The Company also had approximately $11.0 million of letters of credit outstanding, which reduce the Companys borrowing availability under the revolving credit facility. Amounts borrowed under the credit facility bear interest at a LIBOR rate plus margins that depend on the Companys leverage ratio. Indebtedness under the credit facility is secured by substantially all of the Companys assets, including the pledge of the stock of the Companys principal domestic subsidiaries. The credit facility contains customary events of default and requires that the Company satisfy various financial covenants. It also limits the Companys ability to pay dividends or make other distributions, make acquisitions, make changes to the Companys capital structure, create liens or incur additional indebtedness. At December 31, 2011, the Company was in compliance with all such covenants.

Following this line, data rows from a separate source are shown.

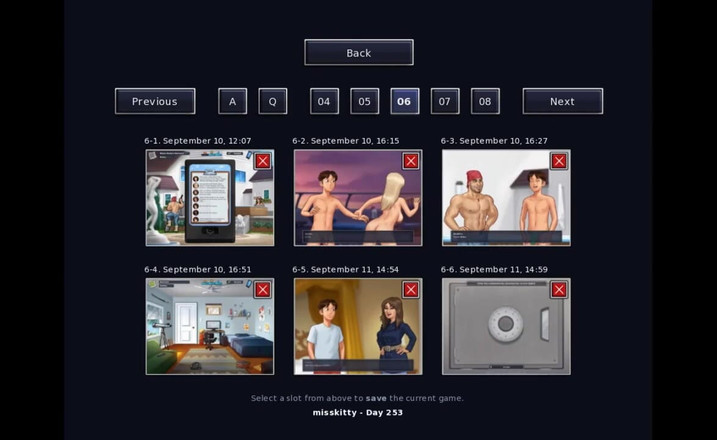 Miss Kitty 2K: Summertime Saga V0.20.5 - Pt.255 - Bukti yang memancut mani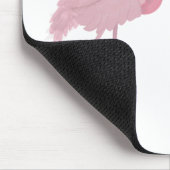 Tapis De Souris Pink Flamingo (Coin)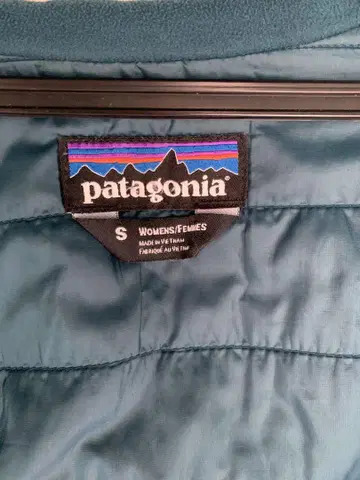 하자 있음 파타고니아 patagonia 여성용 S 자켓 핑크~퍼플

At December 31, 2011, the Company had outstanding $12.5 million in U.S. Government guaranteed long-term financing under Title XI of the Merchant Marine Act of 1936, which is administered by the Maritime Administration, for two liftboats. The debt bears interest at 6.45% per annum and is payable in equal semi-annual installments of $405,000 on June 3rd and December 3rd of each year through the maturity date of June 3, 2027. The Companys obligations are secured by mortgages on the two liftboats. In accordance with the agreement, the Company is required to comply with certain covenants and restrictions, including the maintenance of minimum net worth, working capital and debt-to-equity requirements. At December 31, 2011, the Company was in compliance with all such covenants. The Company has notified the Maritime Administration of its intent to repay this facility in connection with the sale of the marine segment.
The Company also has outstanding $300 million of 6 7/8% unsecured senior notes due 2014. The indenture governing the senior notes requires semi-annual interest payments on June 1st and December 1st of each year through the maturity date of June 1, 2014. The indenture contains certain covenants that, among other things, limit the Company from incurring additional debt, repurchasing capital stock, paying dividends or making other distributions, incurring liens, selling assets or entering into certain mergers or acquisitions. At December 31, 2011, the Company was in compliance with all such covenants.
56
In April 2011, the Company issued $500 million of 6 3/8% unsecured senior notes due 2019. Costs associated with the issuance of these notes were approximately $9.7 million and were capitalized and will be amortized over the term of the 6 3/8% senior notes. The Company used a portion of the proceeds of this debt issuance to redeem all of the outstanding $400 million 1.50% senior exchangeable notes on December 15, 2011. The indenture governing the 6 3/8% senior notes requires semi-annual interest payments on May 1st and November 1st of each year through the maturity date of May 1, 2019. The indenture contains certain covenants that, among other things, limit the Company from incurring additional debt, repurchasing capital stock, paying dividends or making other distributions, incurring liens, selling assets or entering into certain mergers or acquisitions. At December 31, 2011, the Company was in compliance with all such covenants.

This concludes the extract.